Flaws in the technology – The distributed ledger or blockchain technology that underpins the coins or tokens is still largely untested. There may be flaws in the code or programs that are used to create, transfer or store the coins or tokens. Investors may not be able to access or control their coins or tokens, or the coins or tokens may be stolen, e.g., in case of a hack. More generally, the technology may not function quickly and securely, e.g. during peaks of activity.

ESMA Warns Participating ICO Firms

ESMA50-157-828 is decidedly more stern in its tone. Issued the same day, it urges firms “to meet relevant regulatory requirements.” In a cat-and-mouse, near Orwellian turn of phrase, they argue, “If their activities constitute a regulated activity, firms have to comply with the relevant legislation and any failure to comply with the applicable rules would constitute a breach.”

This might be very difficult for firms to ascertain, especially when the very same body refers to them as “unregulated.” Keen readers might ask, are such offerings regulated or not?
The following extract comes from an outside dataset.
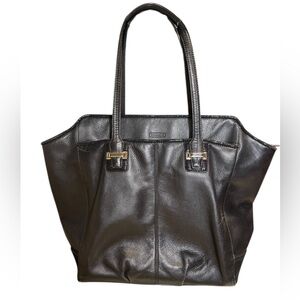 Coach taylor north south black large tote shoulder bag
Some clarification might be had in the following: “where the coins or tokens qualify as
financial instruments it is likely that the firms involved in ICOs conduct regulated investment activities, such as placing, dealing in or advising on financial instruments or managing or marketing collective investment schemes,” the body details. These too seem rather broad and vague.

The memorandum then sets out some basic guidelines for firms. A prospectus is urged among start-ups in the field, containing “necessary information which is material to an investor for making an informed assessment of the facts and that the information shall be presented in an easily analysable and comprehensible form,” ESMA advises.

It continues in this manner, imploring firms to also be transparent in their organizational dealings and structure along with complying with anti-money laundering regulations. “Firms have an obligation to report any suspicious activity and to co-operate with any investigations by relevant public authorities,” they say.